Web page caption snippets
==================================================

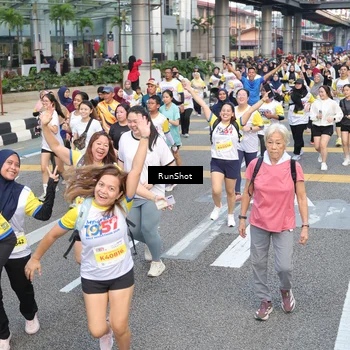 Runner Photo 4522256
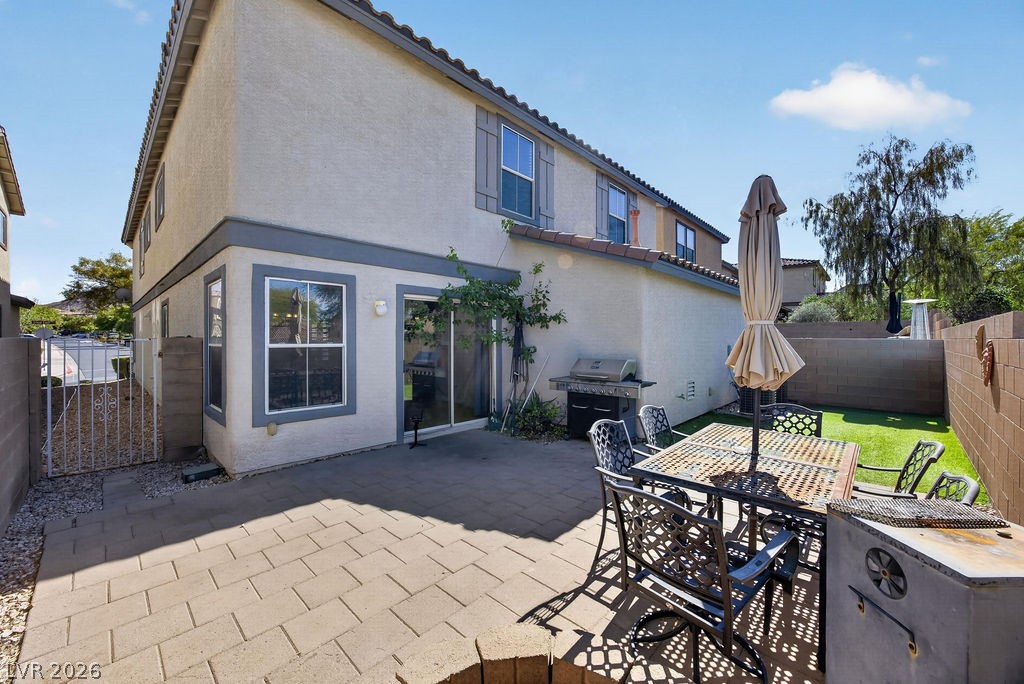 126 Cloud Cover Avenue Henderson NV 89002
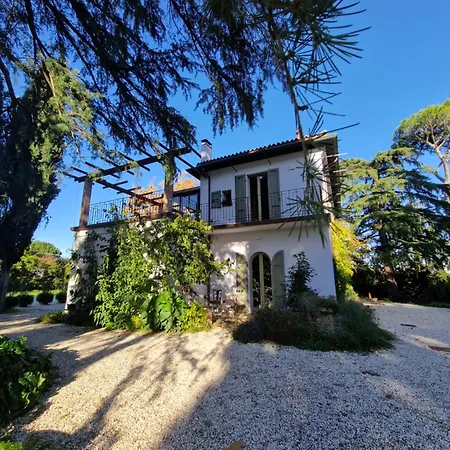 Calicanto - Dimora Nel Parco Ubytování v soukromí Faenza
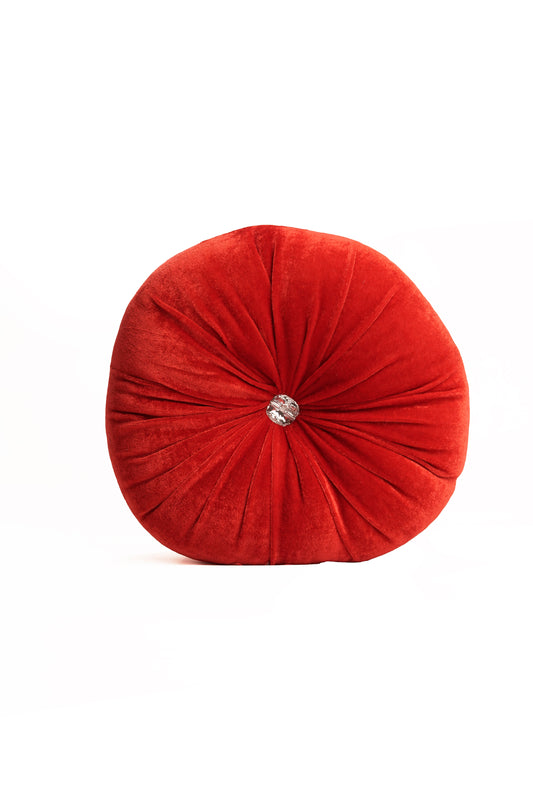 Round Cushion 004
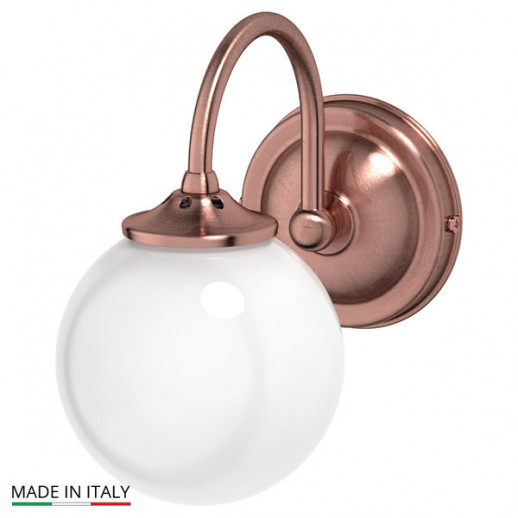 3SC Stilmar UN Antic Copper STI 626 светильник настенный, античная медь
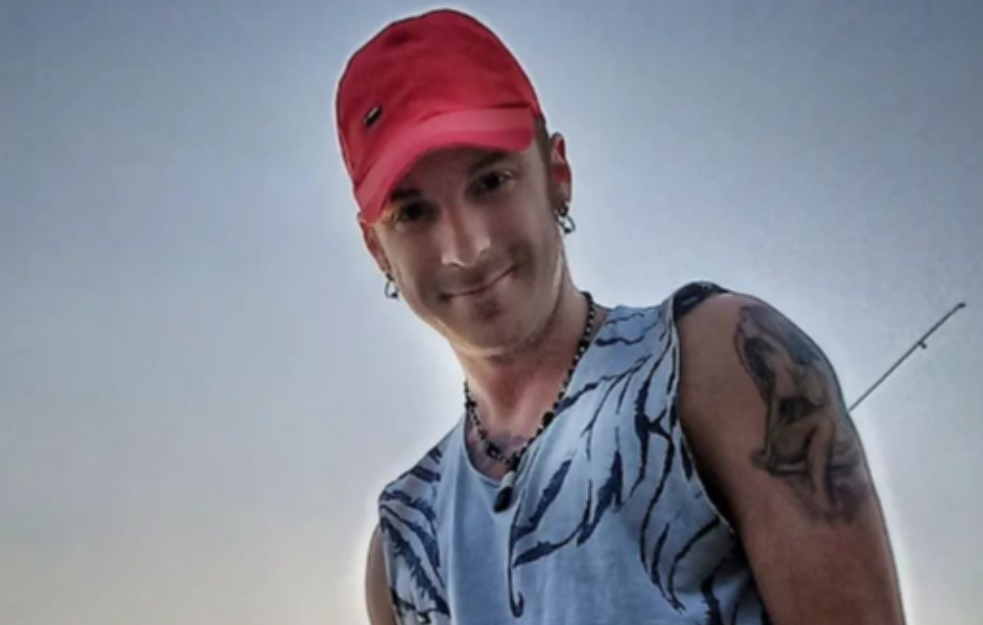 Bivša zvezda „Granda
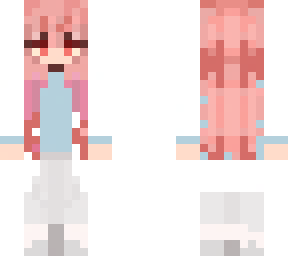 nurse astraea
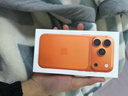 Apple/蘋(píng)果 iPhone 17 Pro 支持移動(dòng)聯(lián)通電信5G全網(wǎng)通 雙卡雙待手機【需現場(chǎng)簽收激活】 星宇橙色【簽收時(shí)需現場(chǎng)激活】 256GB 官方標配 曬單實(shí)拍圖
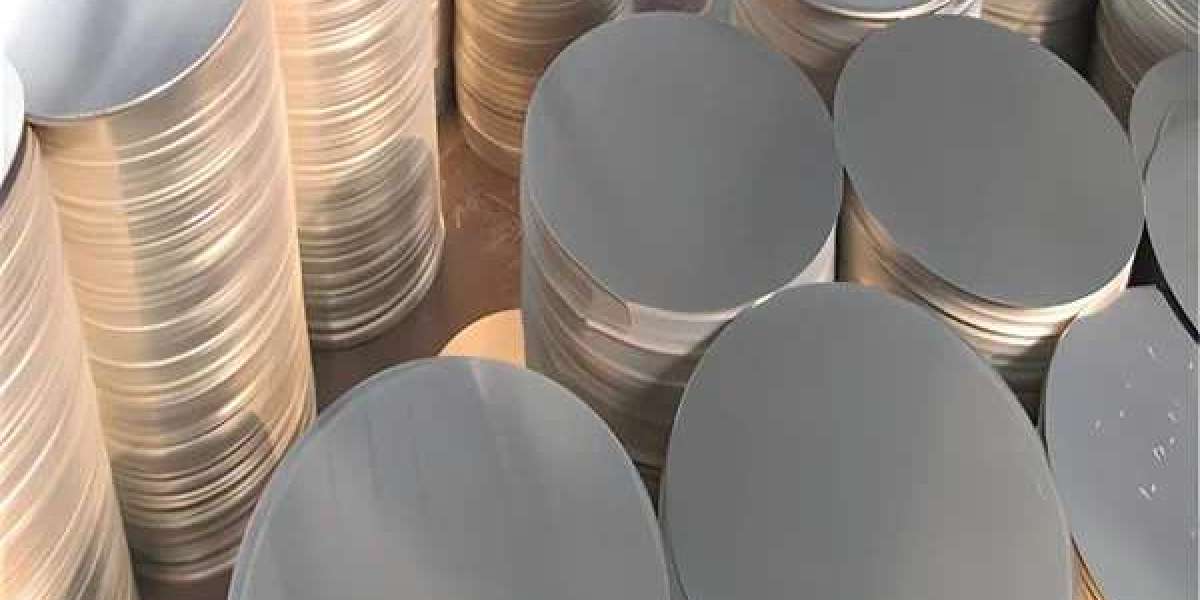 Explore the Diversity and Innovative Applications of Aluminum Sheet Circle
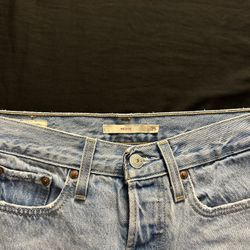 Levi's Jeans 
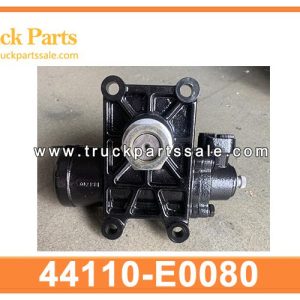 44110-E0080 44110E0080 steering gear pump assy for HINO 500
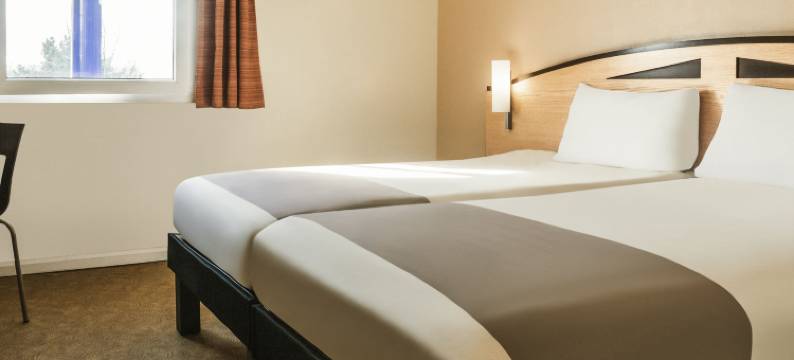 罗瑟勒姆东洲际加纳酒店(Garner Hotel ROTHERHAM EAST by IHG)图片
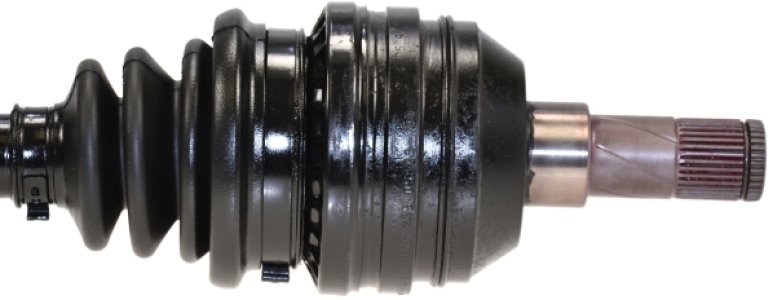 Półoś napędowa LÖBRO 304420 374323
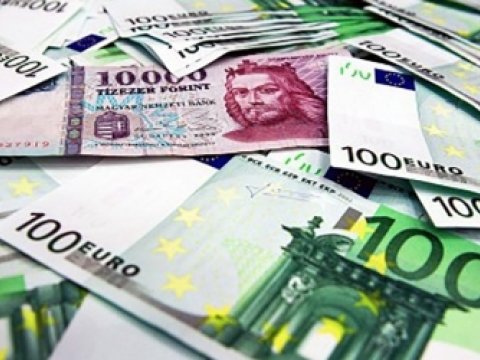 Macarıstanda pul muzeyi
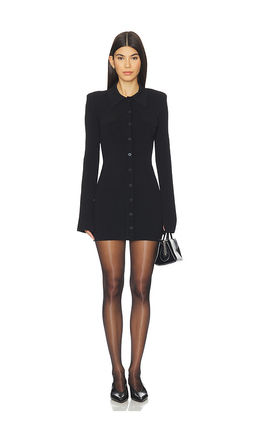 Ser.O.Ya - Youssra Dress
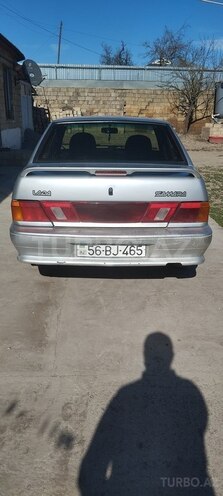 LADA (VAZ) 2115 2007, 215,000 km - 1.6 l - Bakı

==================================================

* [Assigned task] Taking each record in turn, retype it exactly and drop any picture.

* [Task output]
 Runner Photo 4522256
 126 Cloud Cover Avenue Henderson NV 89002
 Calicanto - Dimora Nel Parco Ubytování v soukromí Faenza
 Round Cushion 004
 3SC Stilmar UN Antic Copper STI 626 светильник настенный, античная медь
 Bivša zvezda „Granda
 nurse astraea
 Apple/蘋(píng)果 iPhone 17 Pro 支持移動(dòng)聯(lián)通電信5G全網(wǎng)通 雙卡雙待手機【需現場(chǎng)簽收激活】 星宇橙色【簽收時(shí)需現場(chǎng)激活】 256GB 官方標配 曬單實(shí)拍圖
 Explore the Diversity and Innovative Applications of Aluminum Sheet Circle
 Levi's Jeans 
 44110-E0080 44110E0080 steering gear pump assy for HINO 500
 罗瑟勒姆东洲际加纳酒店(Garner Hotel ROTHERHAM EAST by IHG)图片
 Półoś napędowa LÖBRO 304420 374323
 Macarıstanda pul muzeyi
 Ser.O.Ya - Youssra Dress
 LADA (VAZ) 2115 2007, 215,000 km - 1.6 l - Bakı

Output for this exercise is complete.